Remembering how the world seemed to stop on Monday for so many as they learned of Doc's passing, a particular Bible verse is called to mind. It is often noted for its brevity, but for me, it is also one of the most profound. Jesus had gone to Bethany to raise Lazarus, and upon seeing his sisters and the people of Bethany weep with grief, though He knew that He would raise Lazarus, "Jesus wept" (John 11:35). For nothing more and nothing less than their plain, simple, human grief. Monday morning, as our world stood still, Jesus wept.
Doc is survived by one of his six siblings, Sandra Delano of Dalhart, Texas. He is survived by his children, Debra, Tonya and Terry, whose immeasurable love and grief are testaments to the incomparable character of their father. He is survived by too many adoring grandkids and great-grandkids to count, who know they had the best papa.

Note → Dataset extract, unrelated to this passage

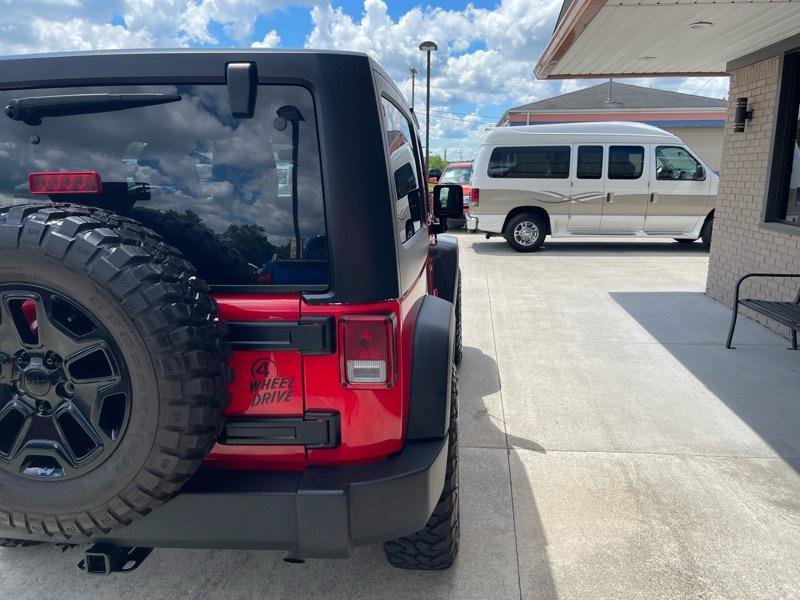 Used 2015 Jeep Wrangler Sport AWD/4WD image 11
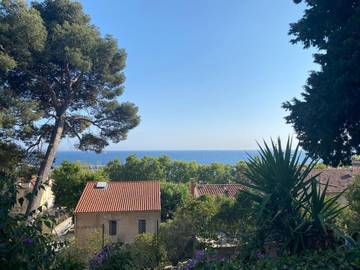 Gîte pour 6 personnes, avec terrasse et vue dans Port de l'Estaque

He is survived by Chris Fuson, Abernathy girl. The foundation he leaned on. His woman, his woman, his wife. That's a Marty Robbins song, for anyone who's not yet old enough to retire. Doc often sang it to her while washing the morning's dishes, as he said it always made him think of her. Most would consider it a country song, but he'd have called it "popular music." If you haven't heard it, you should, if only so you know what a real love song sounds like. And if you listen hard enough, you can hear his gentle soul, his love for an Abernathy girl, and the sound a heart makes when it cracks.
Humble to a fault, Doc was always insistent about never inconveniencing anyone over a trifling matter like a broken leg, and downright incorrigible about keeping it that way. Per his wishes, there will be no public memorial service. In fact, we're quite certain he would object to such an elaborate obituary. It's a mercy that Doc isn't here to see it, or he might have died of embarrassment.
Fortunately, he failed to prohibit such a thing when making his wishes known, so we're taking the opportunity to see if we can disappoint him again, for old times' sake. Sorry, Doc. You'll just have to forgive us this one last time. We promise.
Much to his dismay, the family will have a humble, private gathering to celebrate their love for a humble man, and for a life well lived (we won't tell him if you don't). His ashes will be kept until they may be rejoined with his wife, that they may be interred together at the Fort Smith National Cemetery after many more years of love and laughter.
If you're of a mind to join us in our last little rebellion in honoring him, rather than flowers, the family asks that you consider making a donation in his name to the Waldron Boys & Girls club or the Waldron Police Department's "Shop with a Cop - City of Waldron" fund, which provides gifts for local children in need during the holiday season.